What needs to be done
Write out exactly the lines below starting at the one containing "Snow at the airport Snow" and ending at the one containing "48 Kimball Avenue Mexico ME 04257". Omit every picture.

Dataset entries
▬▬▬

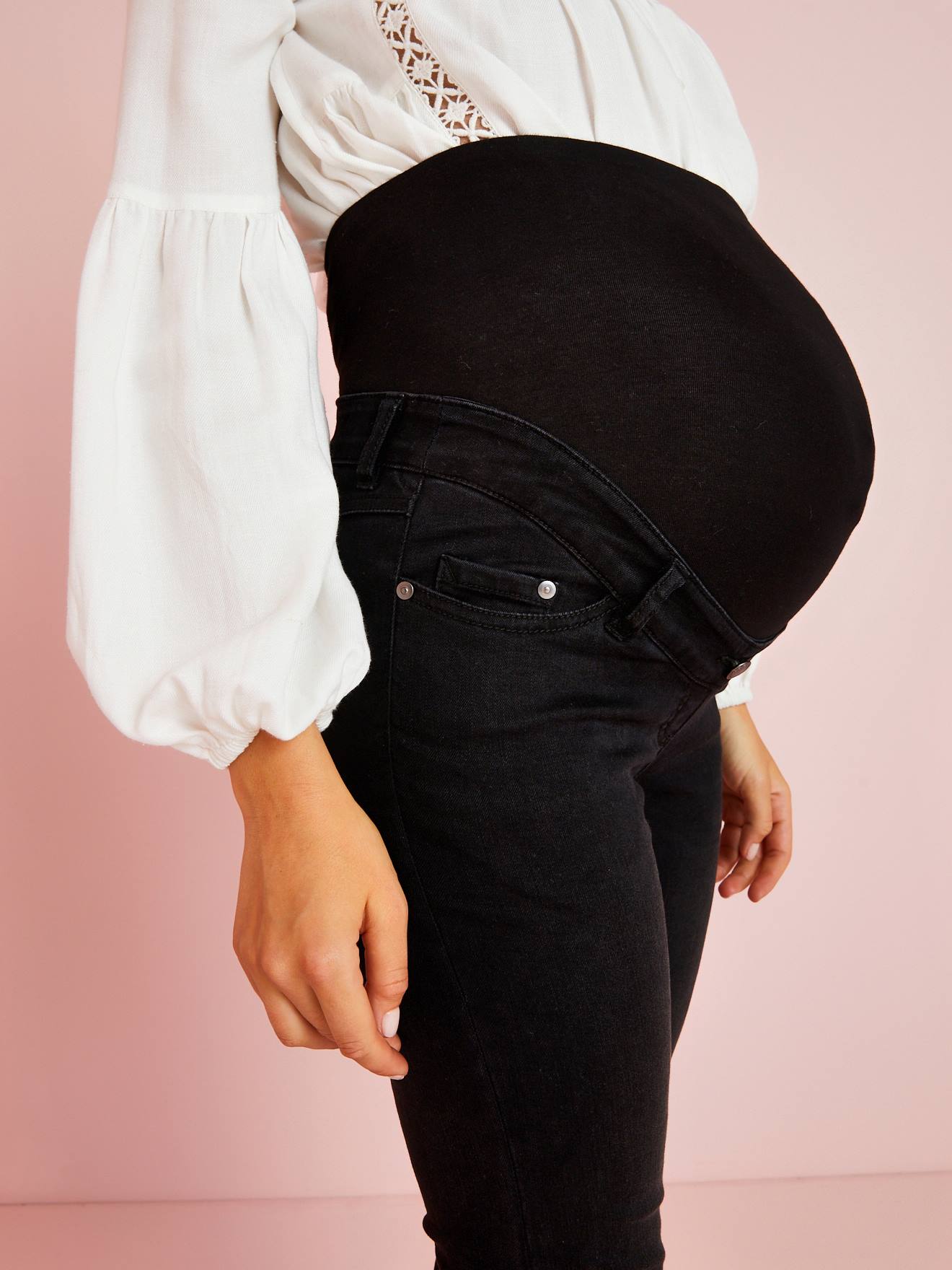 Calça jeans de gestante com corte reto e entrepernas de 78 cm. Cor preta lisa.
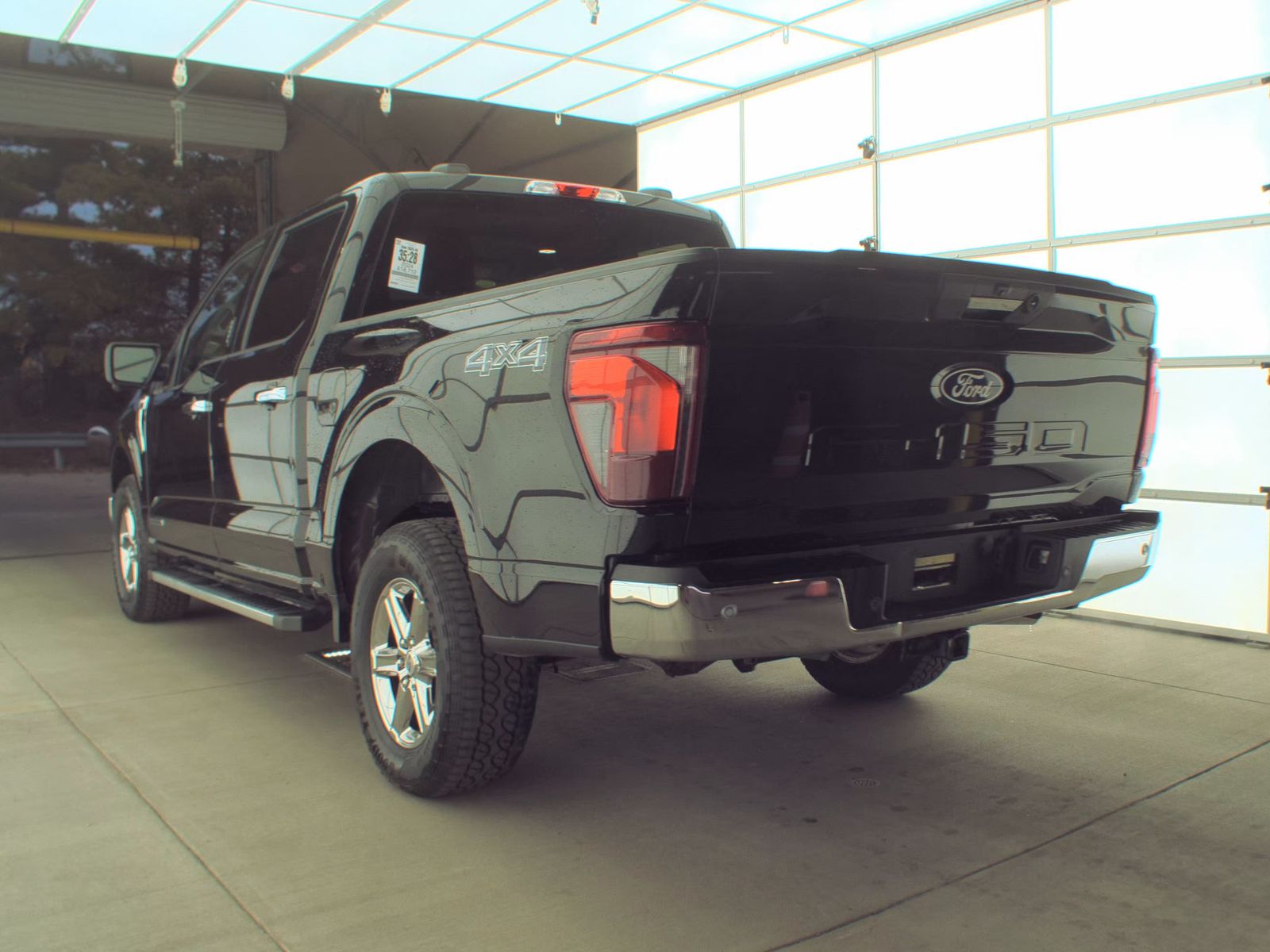 2024 Ford F-150 Hybrid XLT AWD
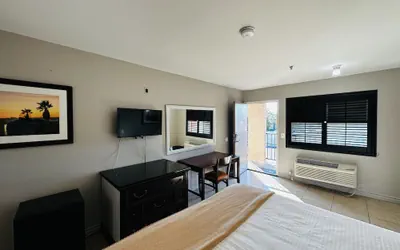 Photo 4 - Casa Blanca Express & Suites Cypress Buena Park - Anaheim Area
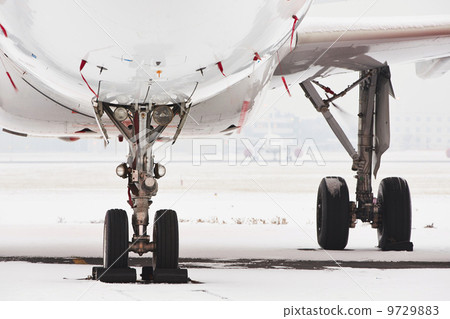 Snow at the airport Snow at the airport 9729883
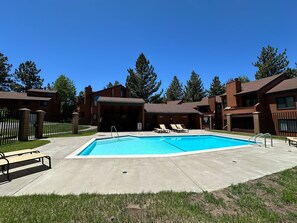 公寓客房, 1 間臥室 | 游泳池 | 室外游泳池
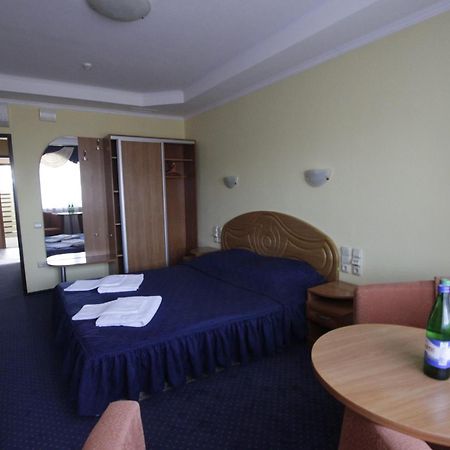 Karpaty Hotell Jaremtsje Eksteriør bilde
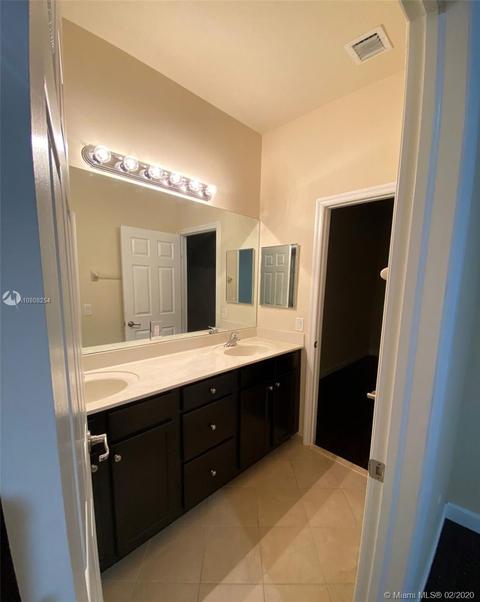 8790 W 33rd Ave, Hialeah, FL 33018 photo 29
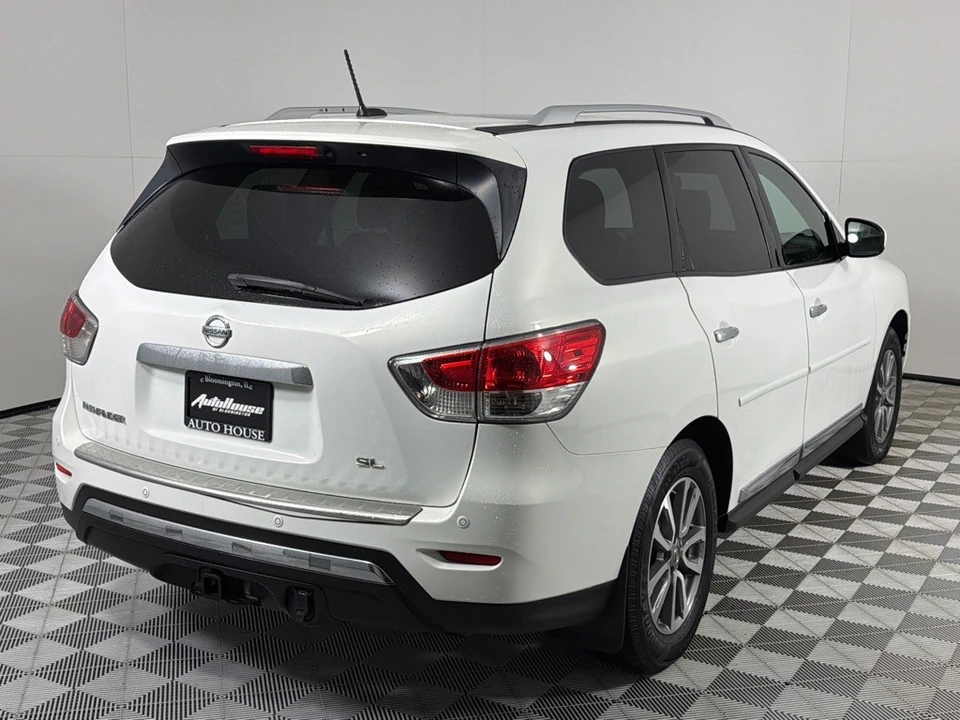 2014 Nissan Pathfinder 4th Gen - Image 5 of 12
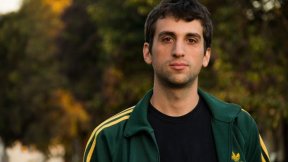 Joven trabajador gráfico desafía a Espinoza y a empresarios como precandidato del FIT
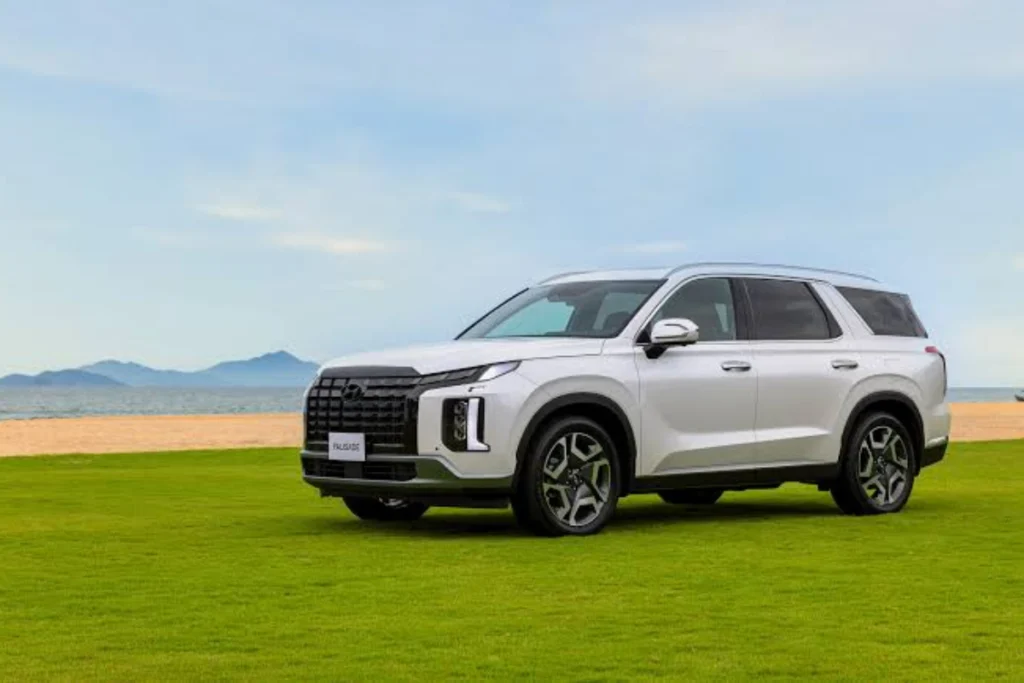 so sánh Sedan và SUV hình 1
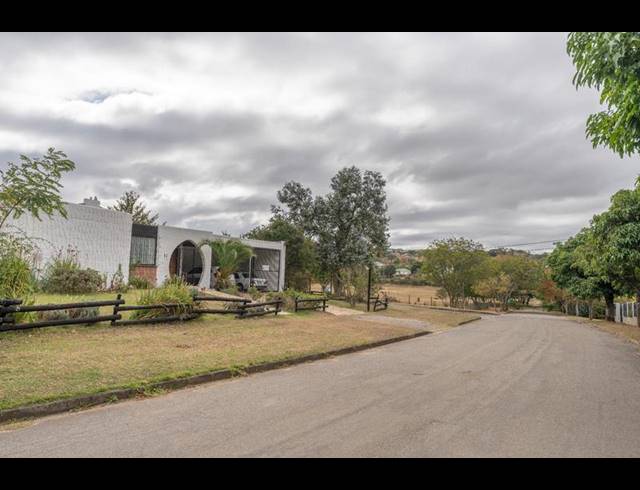 3 BEDROOM HOUSE FOR SALE IN OATLANDS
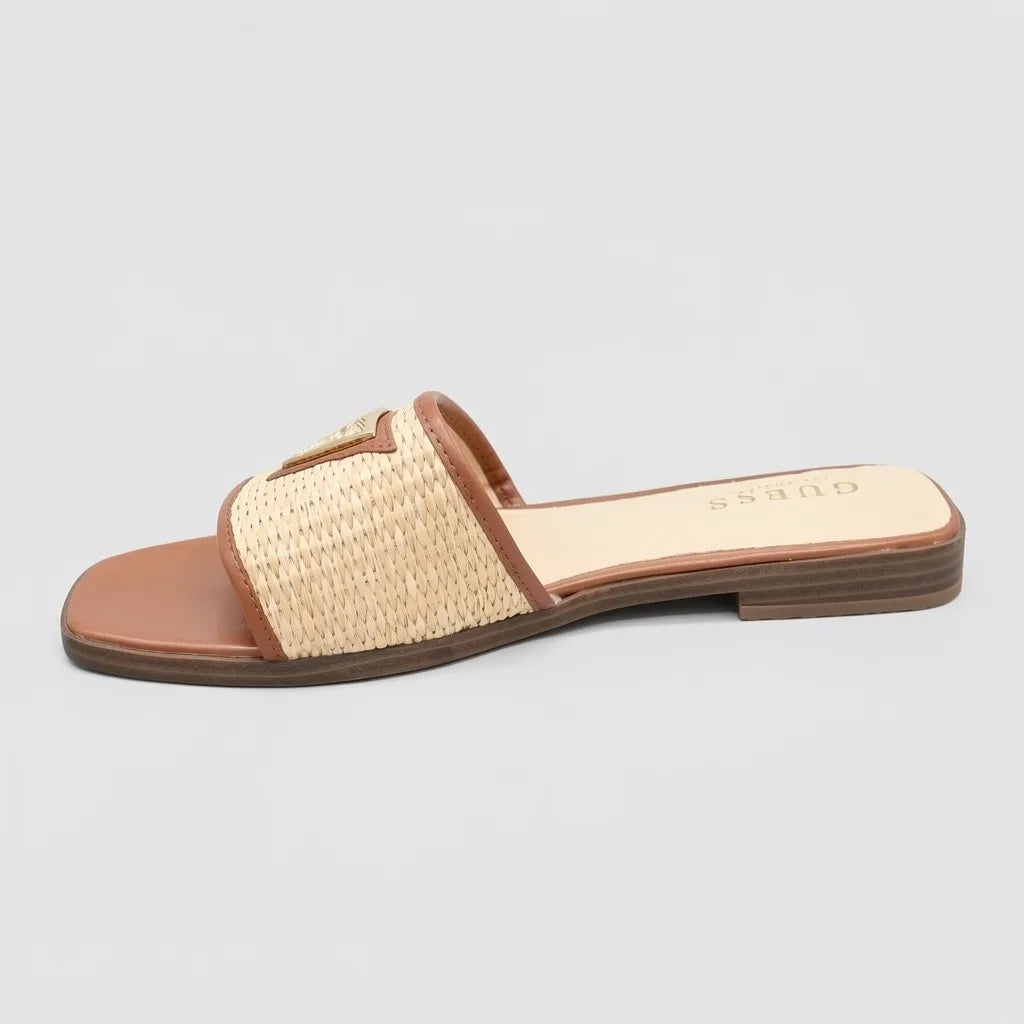 Guess Sandalia Slip On Café claro Triángulo Guess Dorado Empeine Suela Café | Photo Studio AI | 2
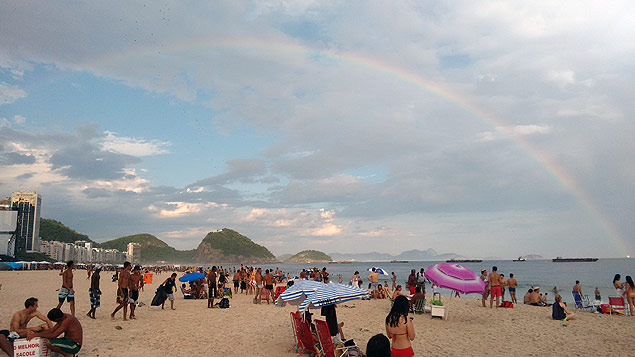 Noite de rveillon no Rio comea com chuva e arco-ris DO RIO A noite de rveillon na praia de Copacabana, zona sul do Rio, comeou com chuva e arco-ris.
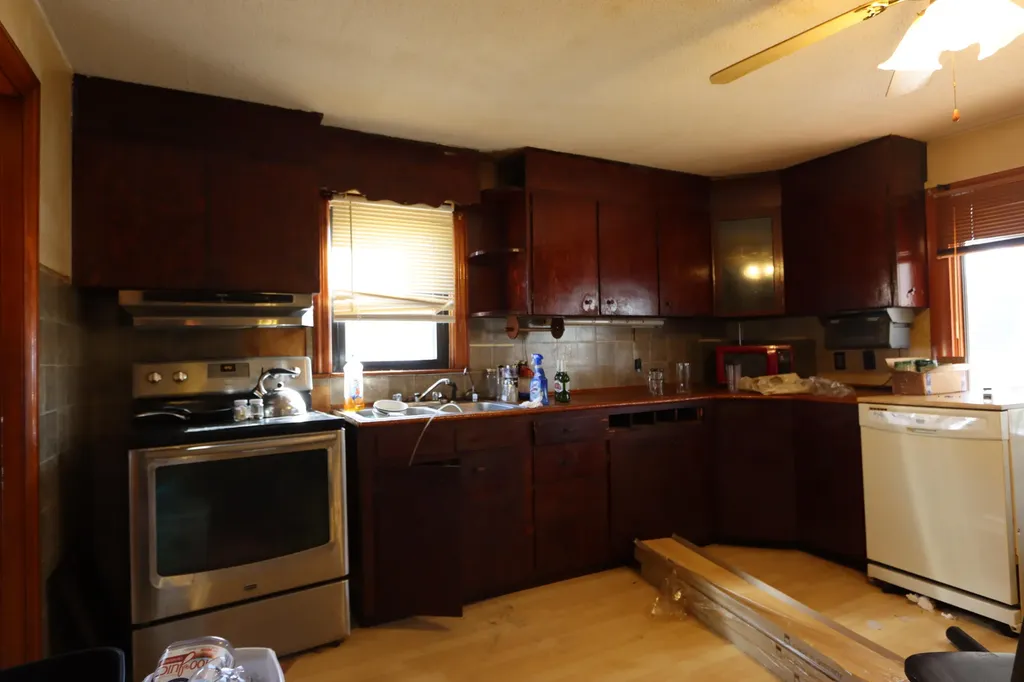 48 Kimball Avenue Mexico ME 04257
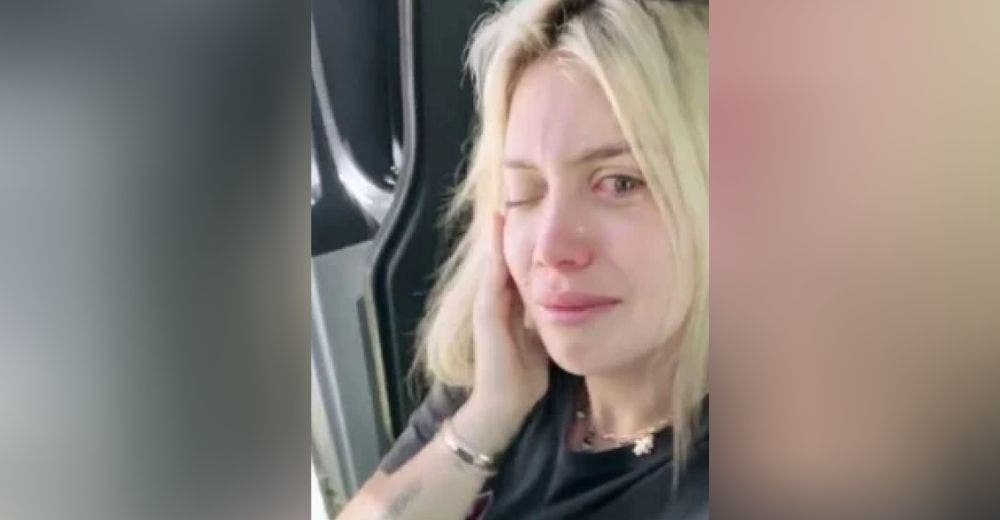 La famosa presentadora Wanda Nara  se deshace en lágrimas al tener que despedirse de su familia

▬▬▬

Exercise answer
 Snow at the airport Snow at the airport 9729883
 公寓客房, 1 間臥室 | 游泳池 | 室外游泳池
 Karpaty Hotell Jaremtsje Eksteriør bilde
 8790 W 33rd Ave, Hialeah, FL 33018 photo 29
 2014 Nissan Pathfinder 4th Gen - Image 5 of 12
 Joven trabajador gráfico desafía a Espinoza y a empresarios como precandidato del FIT
 so sánh Sedan và SUV hình 1
 3 BEDROOM HOUSE FOR SALE IN OATLANDS
 Guess Sandalia Slip On Café claro Triángulo Guess Dorado Empeine Suela Café | Photo Studio AI | 2
 Noite de rveillon no Rio comea com chuva e arco-ris DO RIO A noite de rveillon na praia de Copacabana, zona sul do Rio, comeou com chuva e arco-ris.
 48 Kimball Avenue Mexico ME 04257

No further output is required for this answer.